Another thing is what to do with old semaphores from both lists. You cannot directly check what is their state and You cannot directly unsignal them. The state of semaphores can be checked by using additional fences provided with each submission. You don't wait on them but from time to time check if a given fence is signaled and, if it is, You can destroy old semaphore (as You cannot unsignal it from the application) or You can make an empty submission, with no command buffers, and use that semaphore as a wait semaphore. This way the semaphore will be unsignaled and You can reuse it. But I don't know which solution is more optimal: destroying old and creating new semaphores, or unsignaling them with empty submissions.
When You have a single buffer, a one-element list/ring is probably enough. But more optimal solution would have some kind of a ping-pong set of buffers - You read data from one buffer, but store results in another buffer. And in the next step You swap them. That's why in the image above, the lists of semaphores (rings) may have more elements depending on Your setup. The more independent buffers and semaphores in the lists (of course to some reasonable count), the best performance You will get as You reduce time wasted on waiting. But this complicates Your code and it may also increase a lag (rendering thread gets data that is a bit older than the data currently processed by the compute thread). So You may need to balance performance, code complexity and a rendering lag.
How you do this depends on two factors:
Whether you want to dispatch the compute operation on the same queue as its corresponding graphics operation.
The ratio of compute operations to their corresponding graphics operations.
#2 is the most important part.
Even though they are generated in separate threads, there must be at least some idea that the graphics operation is being fed by a particular compute operation (otherwise, how would the graphics thread know where the data is to read from?). So, how do you do that?
At the end of the day, that part has nothing to do with Vulkan. You need to use some inter-thread communication mechanism to allow the graphics thread to ask, "which compute task's data should I be using?"

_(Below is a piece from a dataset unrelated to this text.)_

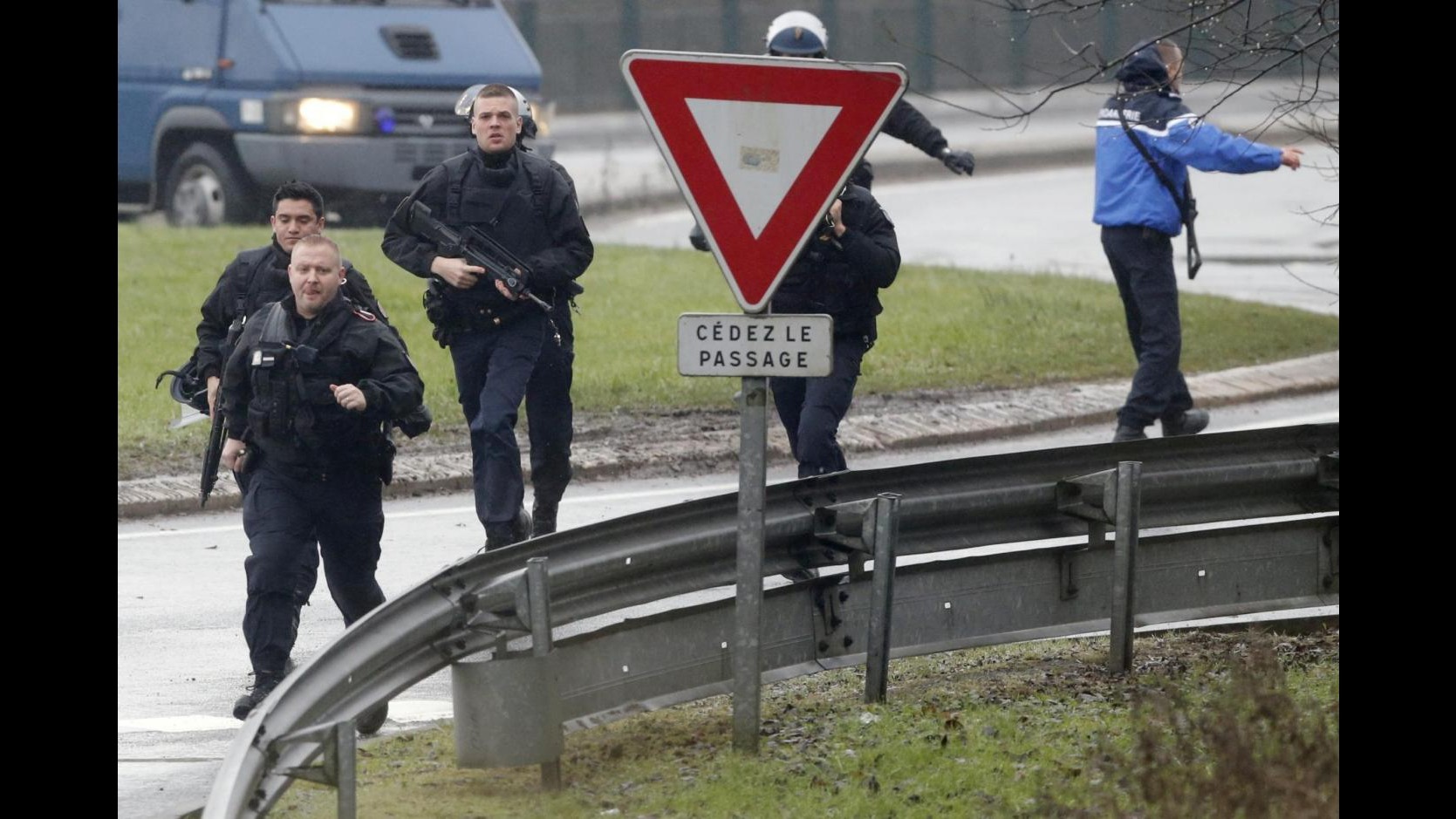 Charlie Hebdo, donne e bambini fra 5 ostaggi a Porte de Vincennes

Typically, this would be done by having the compute thread add every compute operation it does to some kind of circular buffer (thread-safe of course. And non-locking). When the graphics thread goes to decide where to read its data from, it asks the circular buffer for the most recently added compute operation.
In addition to the "where to read its data from" information, this would also provide the graphics thread with an appropriate Vulkan synchronization primitive to use to synchronize its command buffer(s) with the compute operation's CB.

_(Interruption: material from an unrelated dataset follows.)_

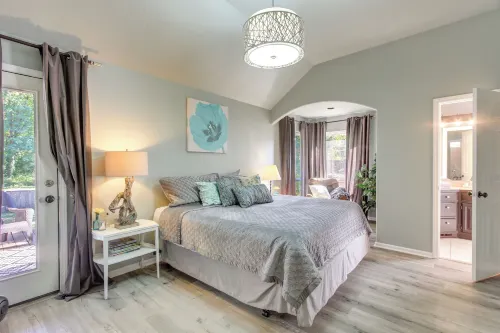 Pet-Friendly Home w/ Yard, 2 Mi to Autzen Stadium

If the compute and graphics operations are being dispatched on the same queue, then this is pretty simple. There doesn't have to actually be a synchronization primitive. So long as the graphics CBs are issued after the compute CBs in the batch, all the graphics CBs need is to have a vkCmdPipelineBarrier at the front which waits on all memory operations from the compute stage.

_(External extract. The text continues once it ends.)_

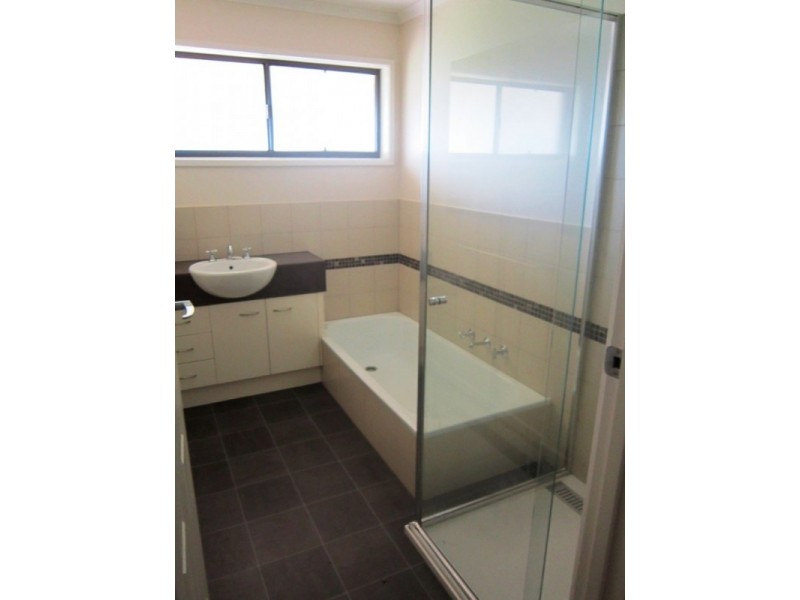33 Helm Street, Kangaroo Flat VIC 3555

srcStageMask would be STAGE_COMPUTE_SHADER_BIT, with dstStageMask being, well, pretty much everything (you could narrow it down, but it won't matter, since at the very least your vertex shader stage will need to be there).
You would need a single VkMemoryBarrier in the pipeline barrier. It's srcAccessMask would be SHADER_WRITE_BIT, while the dstAccessMask would be however you intend to read it. If the compute operations wrote some vertex data, you need VERTEX_ATTRIBUTE_READ_BIT. If they wrote some uniform buffer data, you need UNIFORM_READ_BIT. And so on.
If you're dispatching these operations on separate queues, that's where you need an actual synchronization object.
There are several problems:
You cannot detect if a Vulkan semaphore has been signaled by user code. Nor can you set a semaphore to the unsignaled state by user code. Nor can you reasonably submit a batch that has a semaphore in it that is currently signaled and nobody's waiting on it. You can do the latter, but it won't do the right thing.
In short, you can never submit a batch that signals a semaphore unless you are certain that some process is going to wait for it.
You cannot issue a batch that waits on a semaphore, unless a batch that signals it is "pending execution". That is, your graphics thread cannot vkQueueSubmit its batch until it is certain that the compute queue has submitted its signaling batch.
So what you have to do is this. When the graphics queue goes to get its compute data, this must send a signal to the compute thread to add a semaphore to its next submit call. When the graphics thread submits its graphics operation, it then waits on that semaphore.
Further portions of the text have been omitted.